# WORK TO COMPLETE
Starting at the line that contains "Mustang 79746 Wide" and ending at the final line of the entries below, write out each line exactly as it appears, but omit the pictures.

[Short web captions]

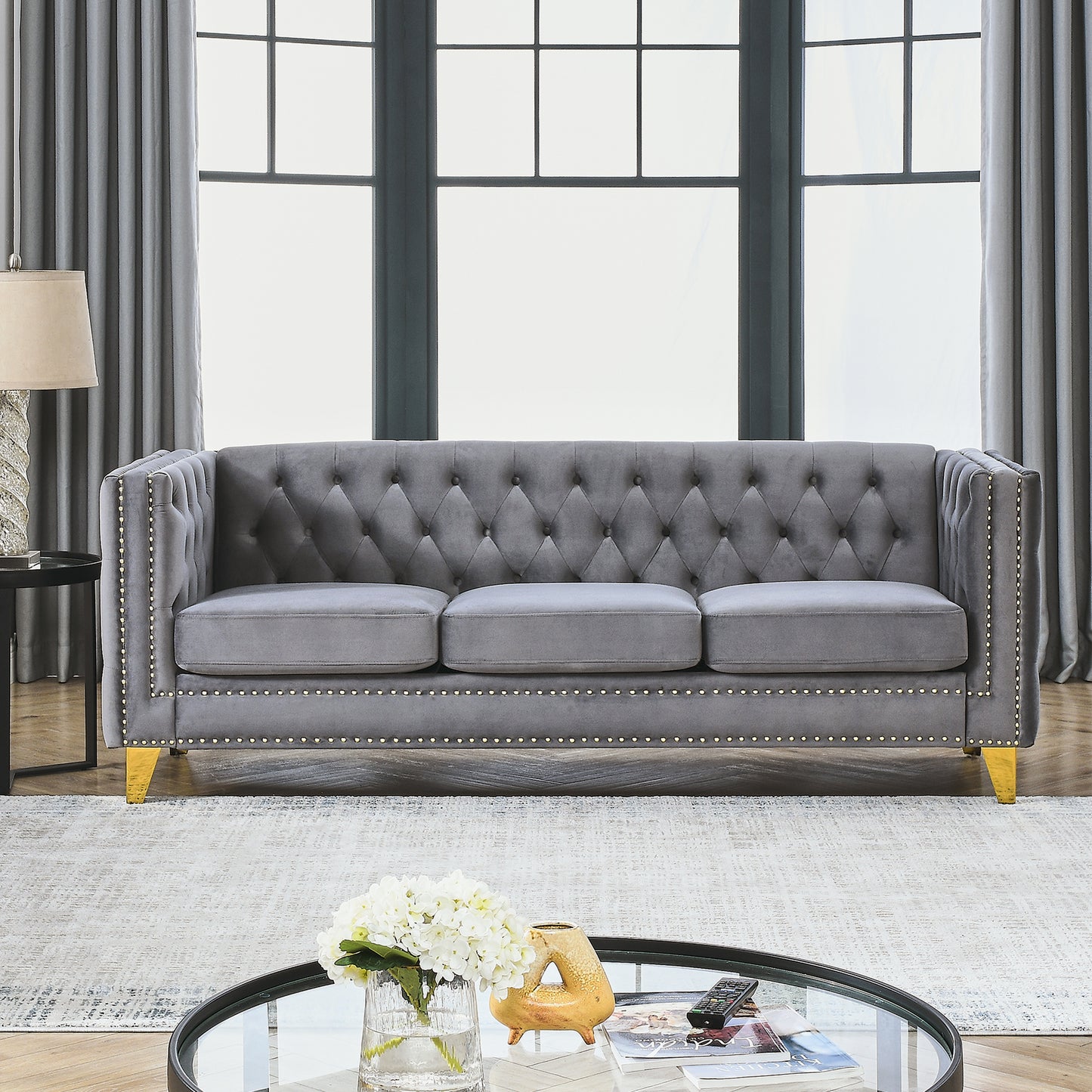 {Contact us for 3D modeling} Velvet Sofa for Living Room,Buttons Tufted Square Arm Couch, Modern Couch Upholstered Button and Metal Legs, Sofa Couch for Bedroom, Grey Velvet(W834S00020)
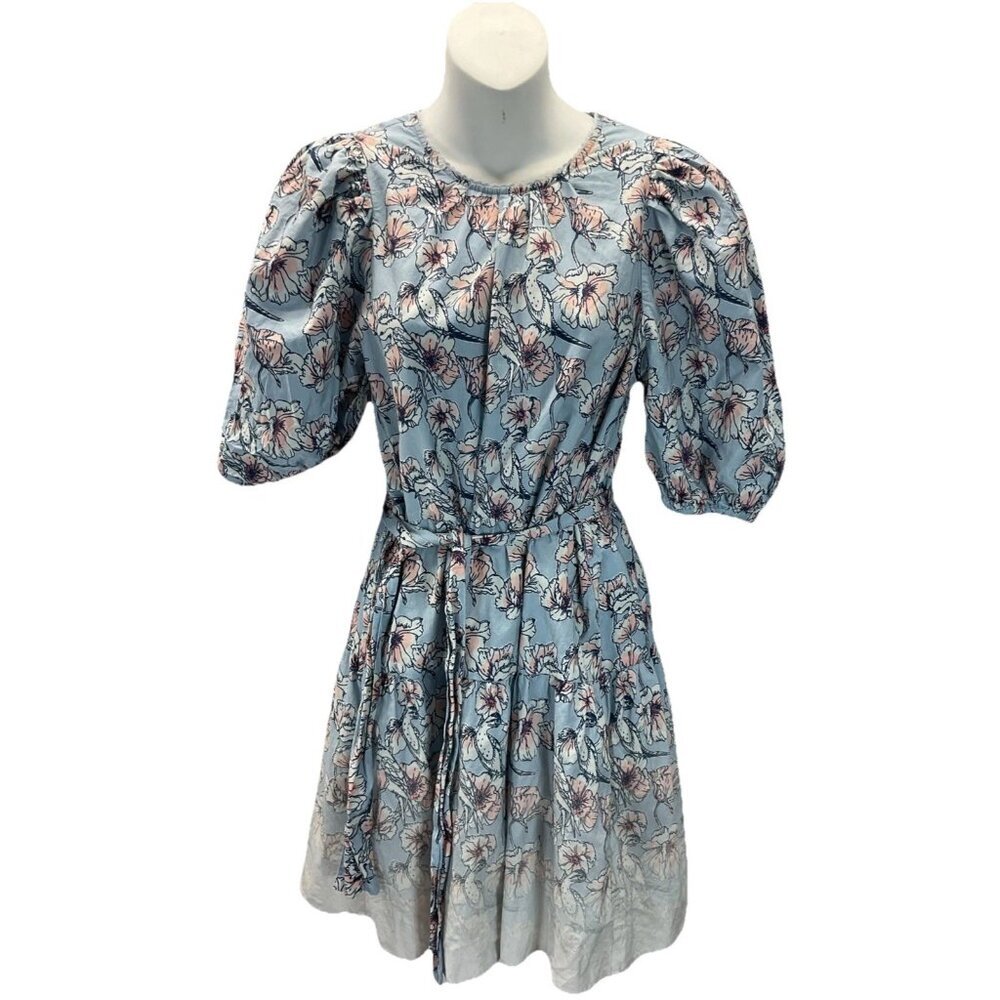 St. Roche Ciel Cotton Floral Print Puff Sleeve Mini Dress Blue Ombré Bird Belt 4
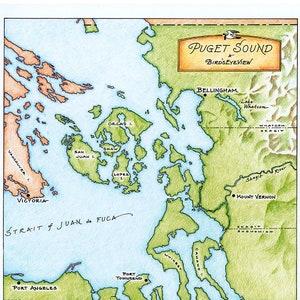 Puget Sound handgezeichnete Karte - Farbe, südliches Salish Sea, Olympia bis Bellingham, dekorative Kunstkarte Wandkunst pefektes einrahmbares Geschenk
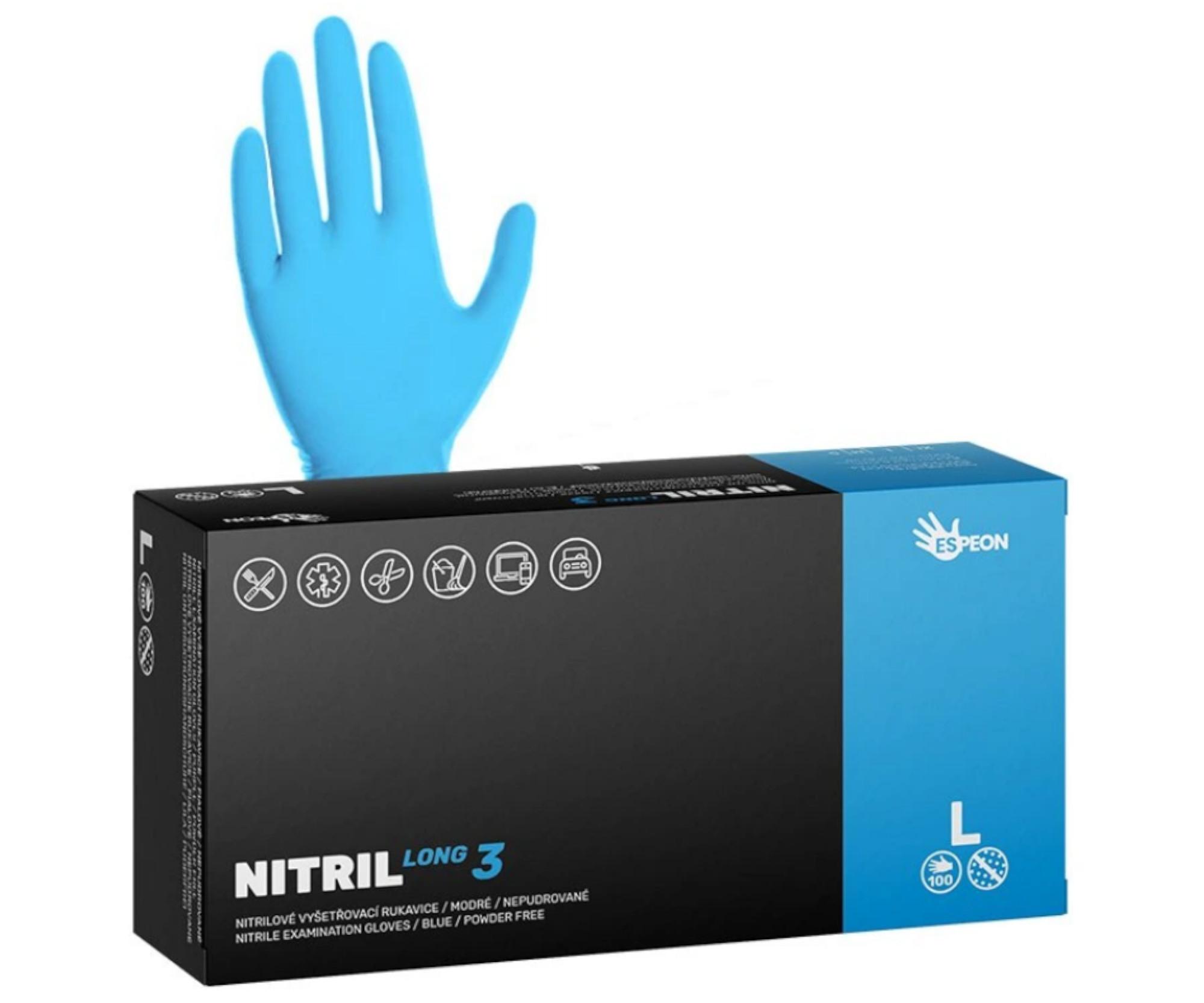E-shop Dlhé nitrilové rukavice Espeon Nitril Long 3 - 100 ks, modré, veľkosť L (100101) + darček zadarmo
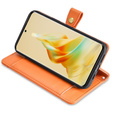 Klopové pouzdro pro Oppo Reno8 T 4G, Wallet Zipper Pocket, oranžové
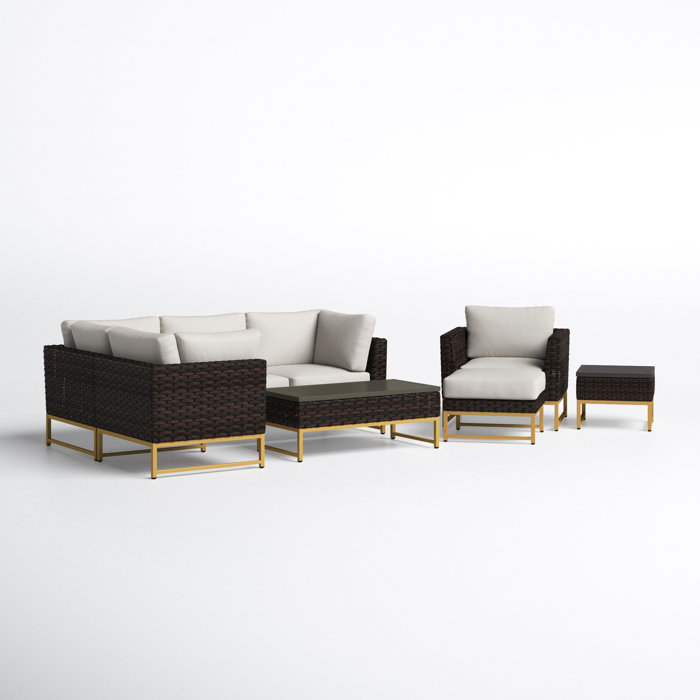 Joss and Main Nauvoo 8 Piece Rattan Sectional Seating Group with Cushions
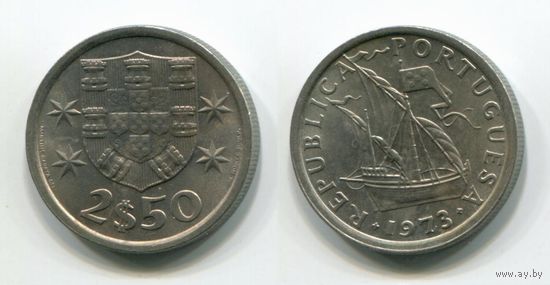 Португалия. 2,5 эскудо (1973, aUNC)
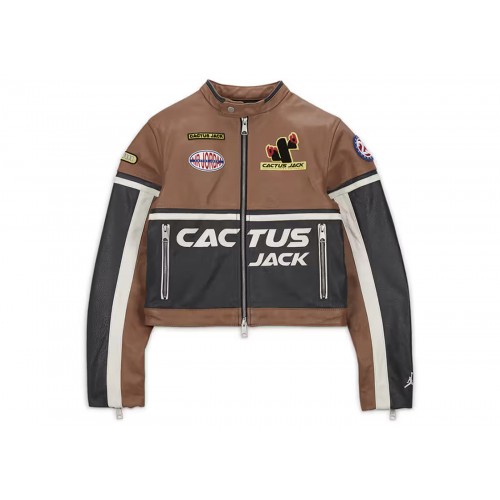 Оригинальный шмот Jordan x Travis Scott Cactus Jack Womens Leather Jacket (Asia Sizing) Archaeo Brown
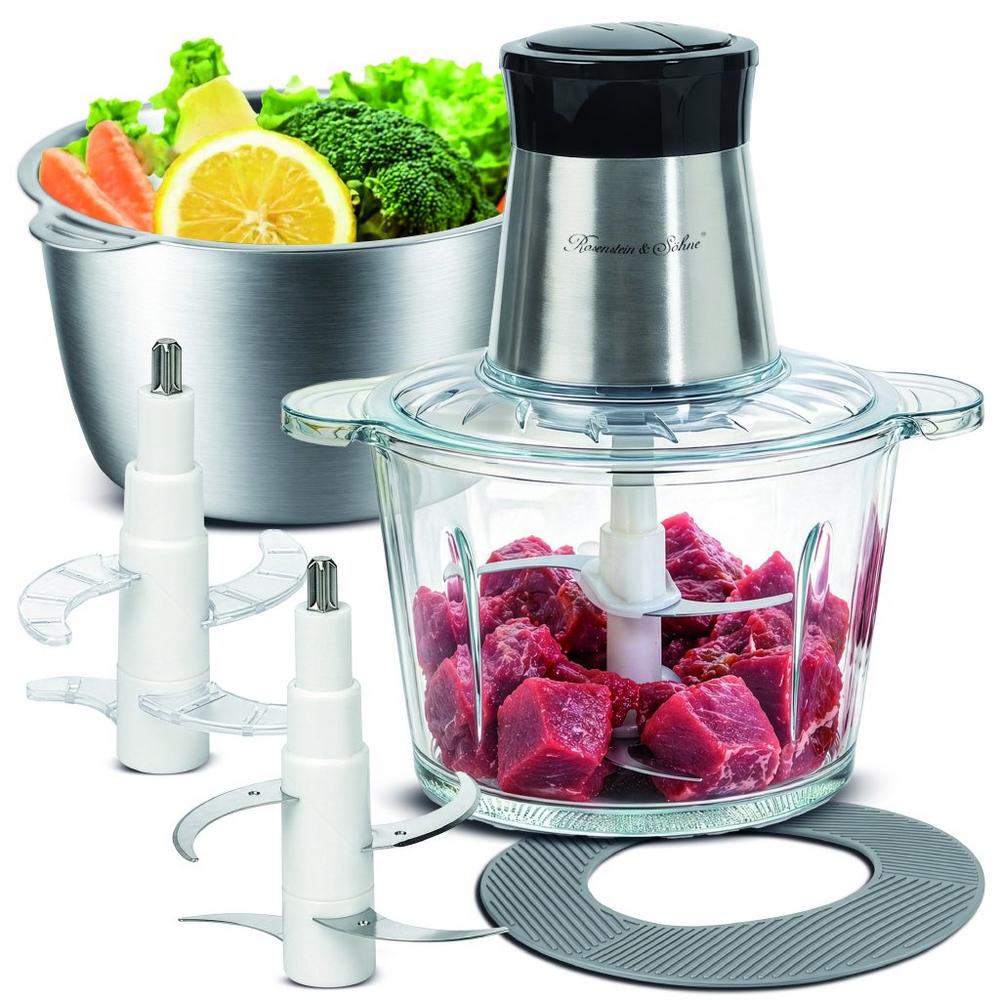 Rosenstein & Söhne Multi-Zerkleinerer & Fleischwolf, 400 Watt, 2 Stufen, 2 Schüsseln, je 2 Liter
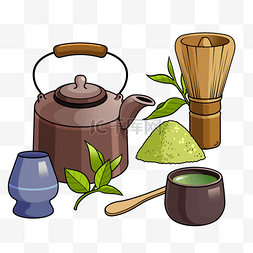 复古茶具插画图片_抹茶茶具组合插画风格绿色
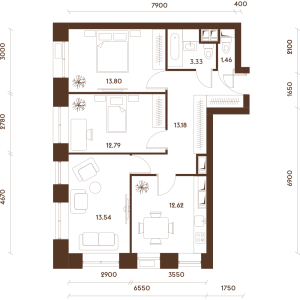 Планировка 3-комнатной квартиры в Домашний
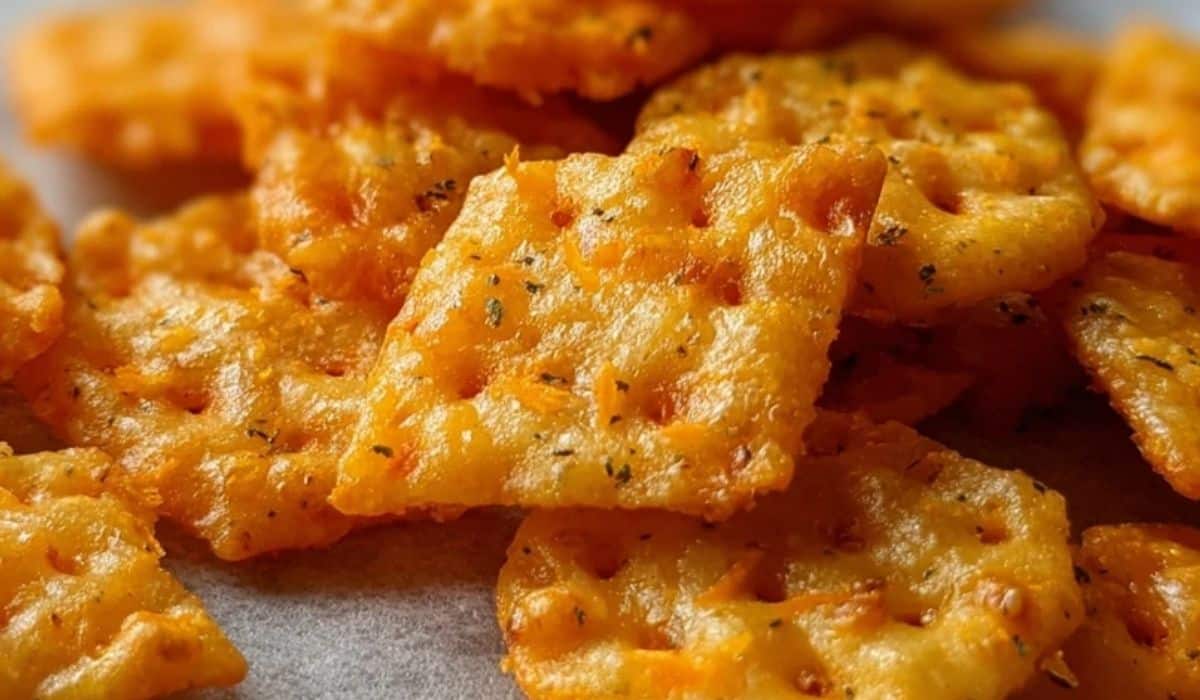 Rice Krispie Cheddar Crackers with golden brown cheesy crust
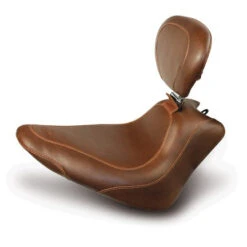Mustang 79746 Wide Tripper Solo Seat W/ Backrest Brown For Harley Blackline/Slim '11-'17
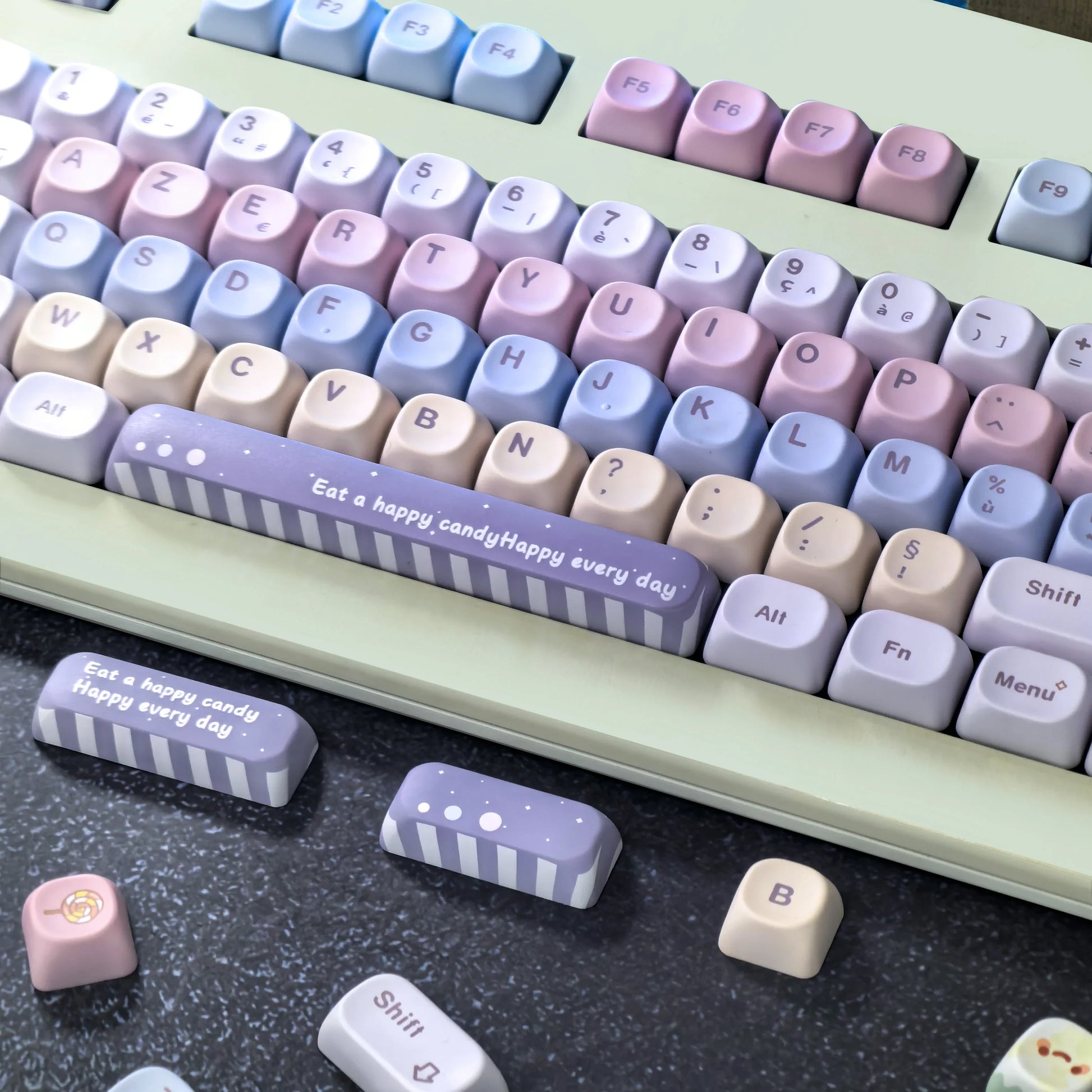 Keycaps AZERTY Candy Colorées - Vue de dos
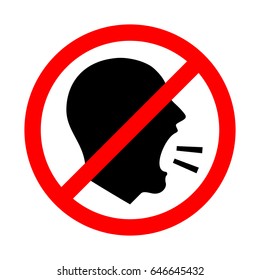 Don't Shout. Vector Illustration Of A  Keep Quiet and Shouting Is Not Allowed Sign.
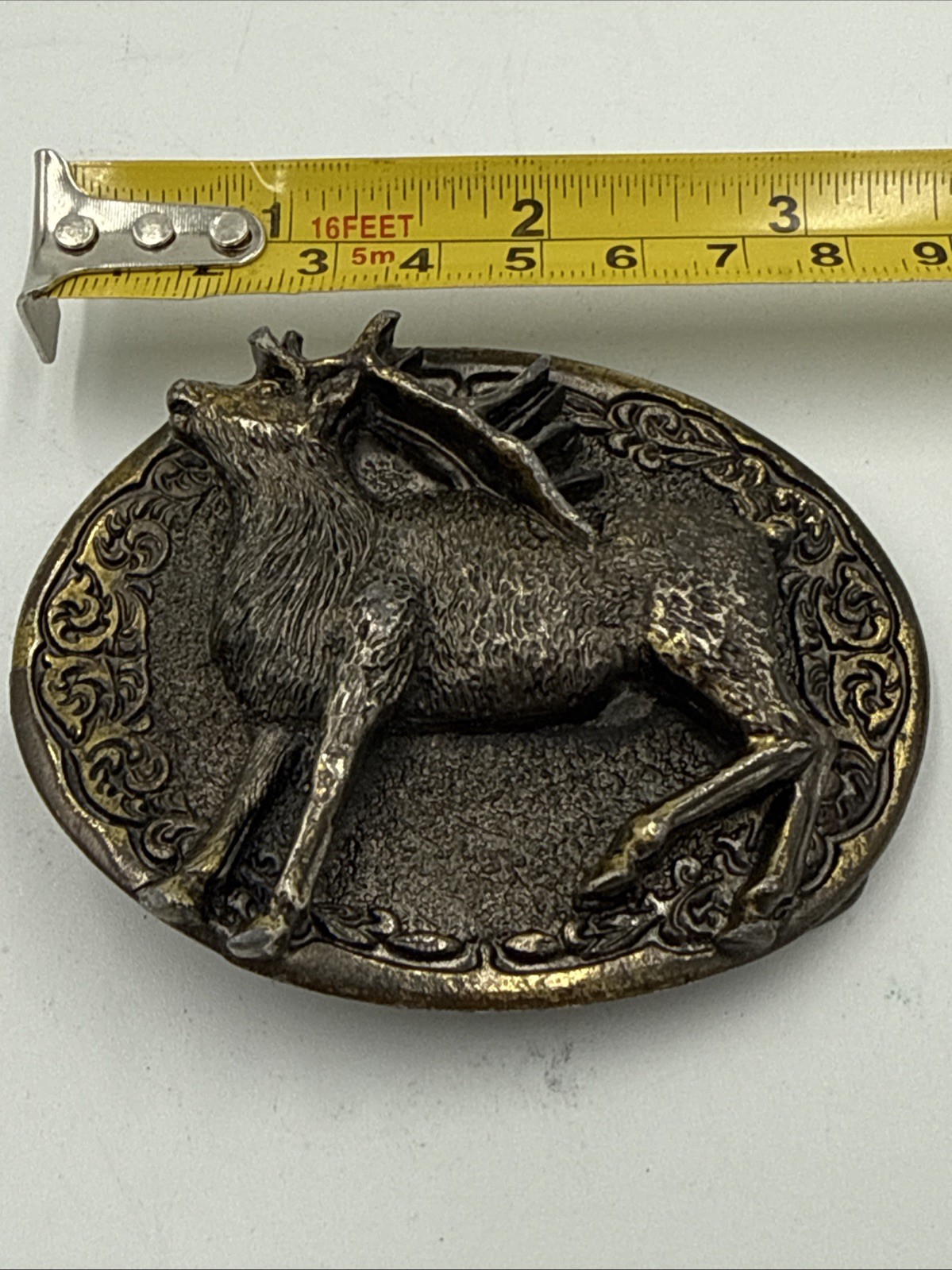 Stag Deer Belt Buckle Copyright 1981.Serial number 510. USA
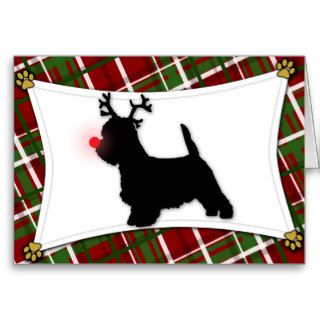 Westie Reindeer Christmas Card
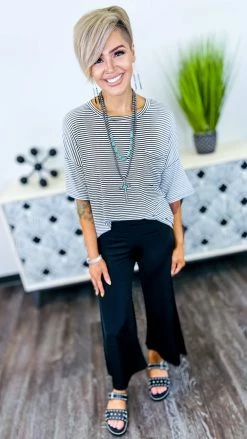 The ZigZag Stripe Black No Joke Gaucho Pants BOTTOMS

# WRITTEN SOLUTION
Mustang 79746 Wide Tripper Solo Seat W/ Backrest Brown For Harley Blackline/Slim '11-'17
 Keycaps AZERTY Candy Colorées - Vue de dos
 Don't Shout. Vector Illustration Of A  Keep Quiet and Shouting Is Not Allowed Sign.
 Stag Deer Belt Buckle Copyright 1981.Serial number 510. USA
 Westie Reindeer Christmas Card
 The ZigZag Stripe Black No Joke Gaucho Pants BOTTOMS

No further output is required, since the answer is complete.